> **THE PROBLEM**
Print the listing below a second time, exactly, and omit its images.

##############################

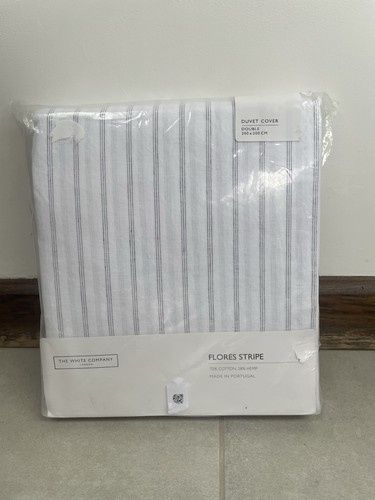The white company - white, flores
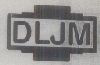 Dljm (device Label) Device mark 960568 Trademark
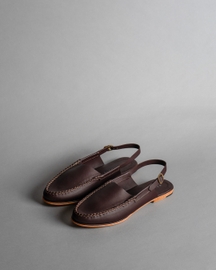The Mule Loafers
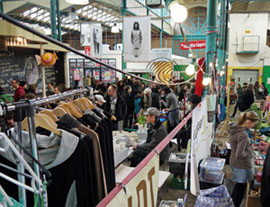 handmade supermarket - Weihnachts-Edition fällt aus handmade supermarket - Weihnachts-Edition fällt aus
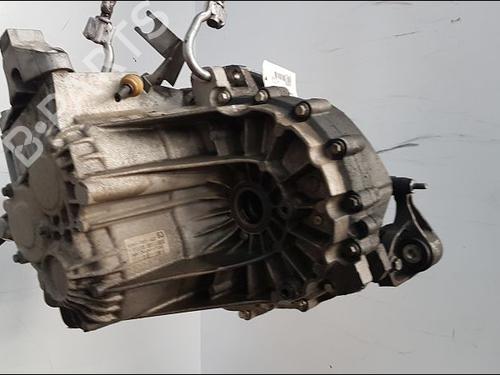 manual-gearbox-ford-c-max-ii-dxacb7-dxaceu-20-tdci-1884971-2010-2011-2012-2013-2014-2015-2016-2017-2018-2019-15984188 main image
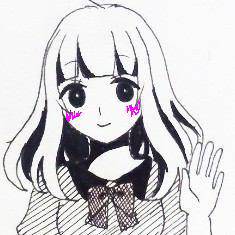 モノクロ２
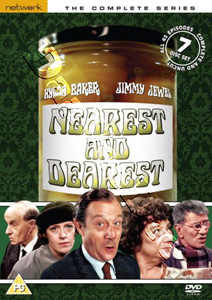 Nearest and Dearest (Complete Series) - 7-DVD Box Set (DVD)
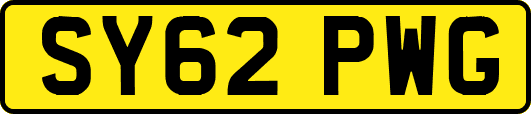 SY62PWG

##############################

> **EXERCISE ANSWER**
The white company - white, flores
 Dljm (device Label) Device mark 960568 Trademark
The Mule Loafers
 handmade supermarket - Weihnachts-Edition fällt aus handmade supermarket - Weihnachts-Edition fällt aus
 manual-gearbox-ford-c-max-ii-dxacb7-dxaceu-20-tdci-1884971-2010-2011-2012-2013-2014-2015-2016-2017-2018-2019-15984188 main image
 モノクロ２
 Nearest and Dearest (Complete Series) - 7-DVD Box Set (DVD)
 SY62PWG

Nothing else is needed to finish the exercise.